Here it is, the cultural breakthrough you’ve been waiting for: People can learn leadership skills playing games like Warcraft. Seems the business world is in need of a good leadership training method (No! Surely not!) and this is it.
Those familiar with management-speak will recognize some of the terminology which has created the impoverished mindsets we all admire so much.
While reading, remember that people are actually paid to produce this stuff.

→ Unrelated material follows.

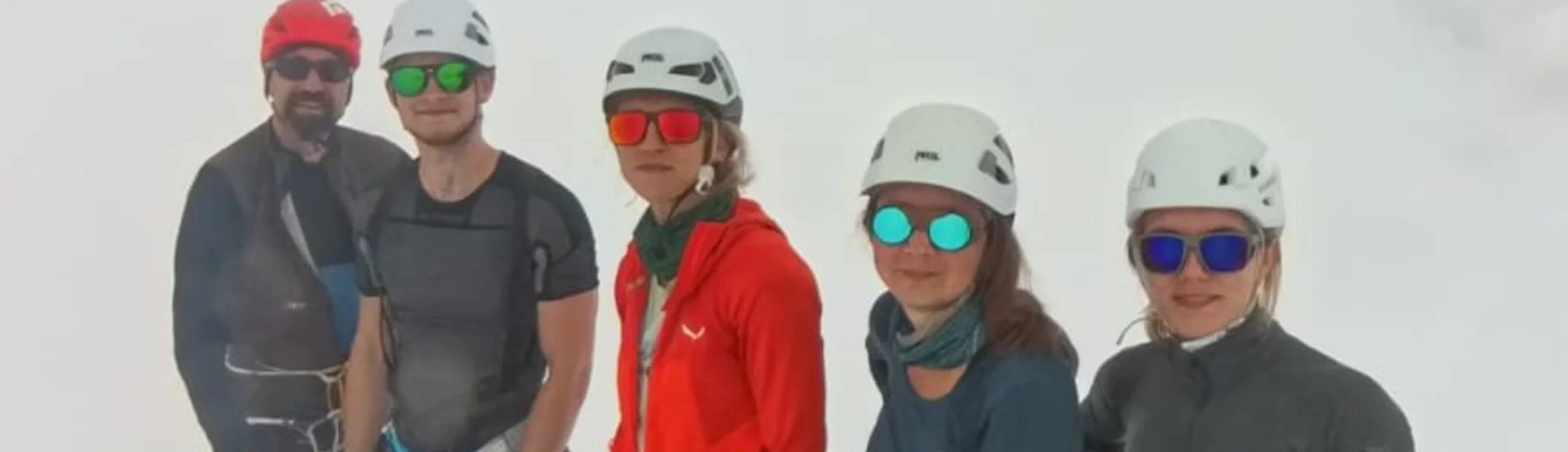  Fünf Bergsteiger*innen mit Helmen und Gurtzeug posieren für ein Gipfelfoto im Schnee. | © DAV Dortmund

The Times Online has somehow captured this rhetorical rhapsody:
An eight-month study on leadership in games, commissioned by IBM, found that online games can be informal but realistic simulators for contemporary leadership training, helping to teach “soft” aspects of leadership. For example, the pace of games means that leaders often have to make hundreds of strategic decisions in an hour of game play. The relatively mild consequences of failure allow players to test out a variety of leadership techniques and the temporary nature of many roles in games provides people who are followers in the real world with opportunities to lead.

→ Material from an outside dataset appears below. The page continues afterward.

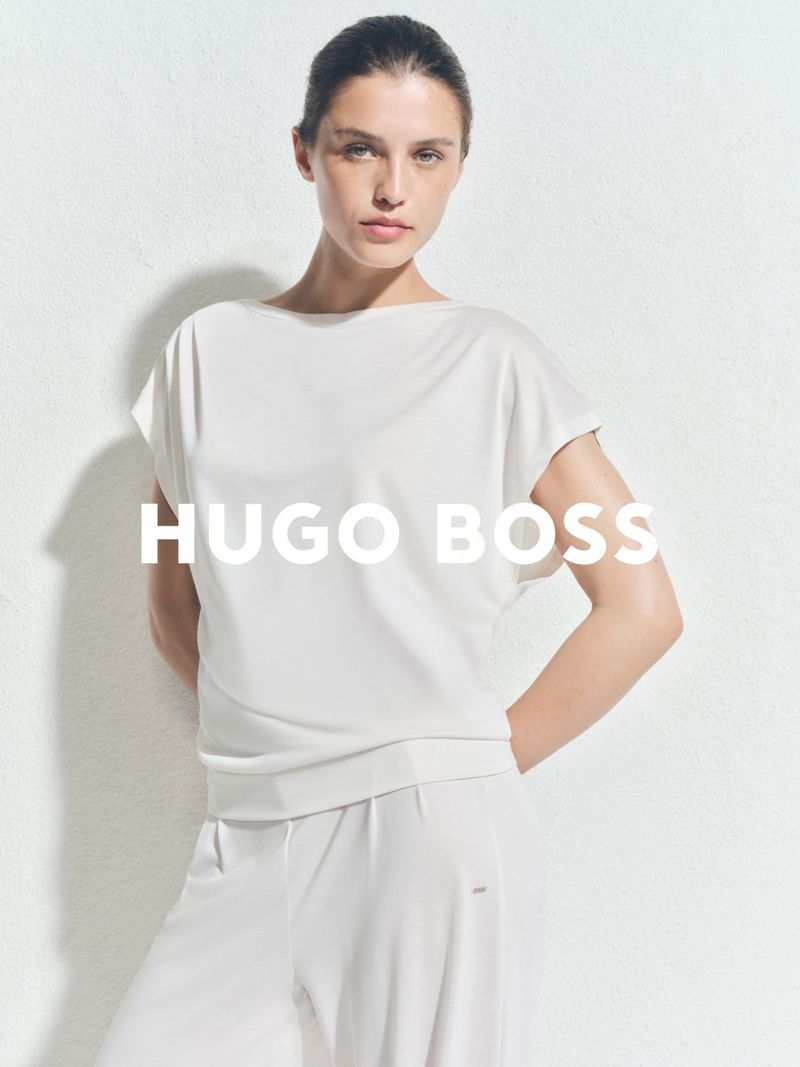 Model Emma Todt wearing a white boatneck top and matching white trousers against a white textured background for BOSS.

Some might say that being awake occasionally could produce results remarkably similar to this exotic mental state.
Maybe even the odd attack of actual consciousness could contribute to some form of vague perception.

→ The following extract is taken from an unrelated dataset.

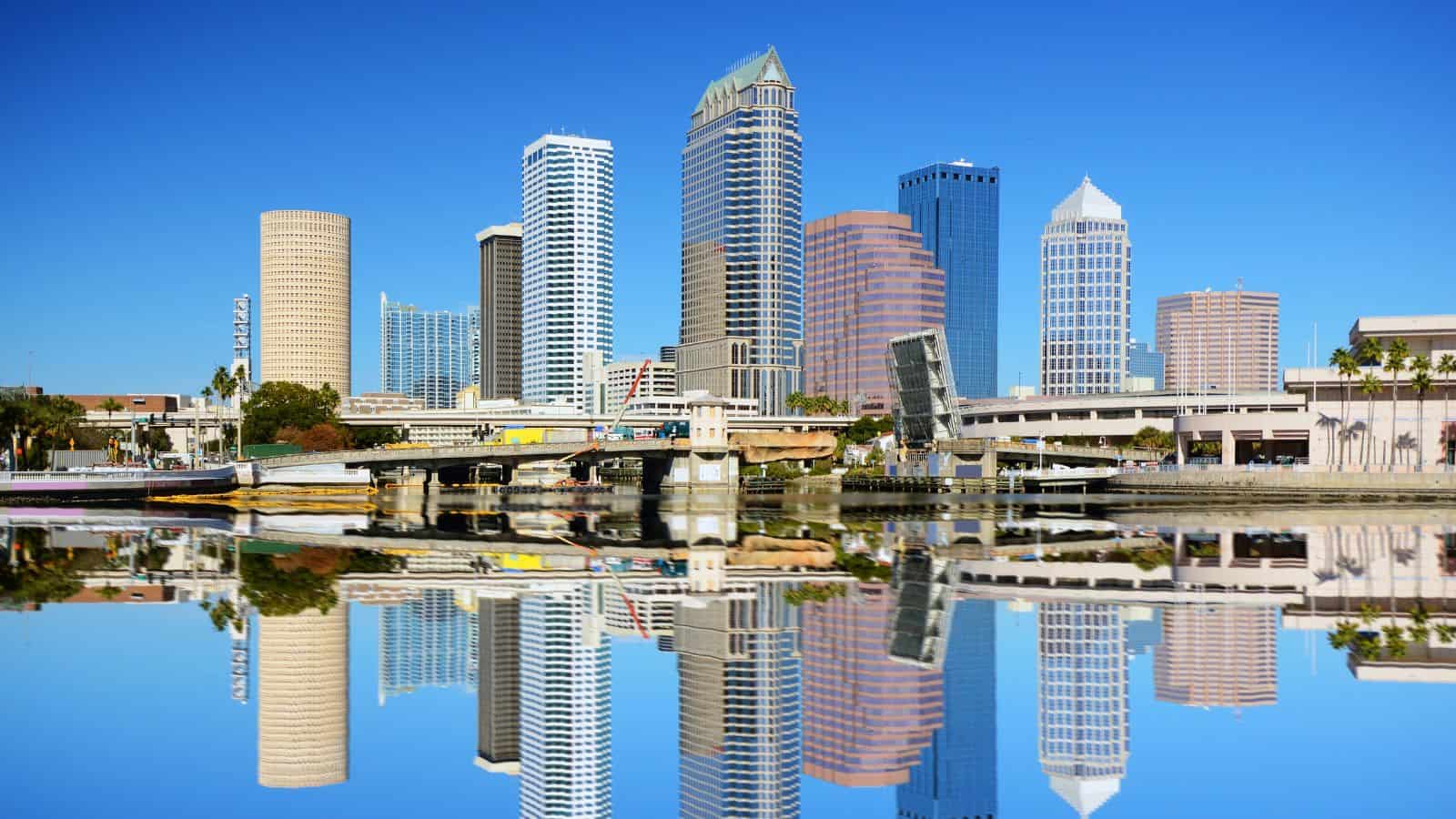 A city skyline with modern high-rise buildings is reflected in calm water under a clear blue sky. There are bridges, palm trees, and a mix of glass and concrete structures along the waterfront.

Nah…This is business management we're talking about.
The original article was sourced from the
Harvard Business Review, which is a subscriber service, with a few free articles of which this study apparently isn’t one.
As business thinking savagely embraces the 1980s, we may pause for a moment to marvel at the bold approach to leadership. Consider the reckless daring involved in this approach: “Try something, it might work”.
I can see Hannibal, Nelson, Alexander the Great and Genghis Khan earnestly trundling to their local business college to learn this stuff.
Leadership, ironically, is one of the keystones of management science.
It once meant actual charisma, the ability to inspire people to follow.
In management it’s become one of the chunks of ritual dribble which involves proving your leadership by telling an interview panel what a great leader you are, and how you organized a project to find out what your company sells.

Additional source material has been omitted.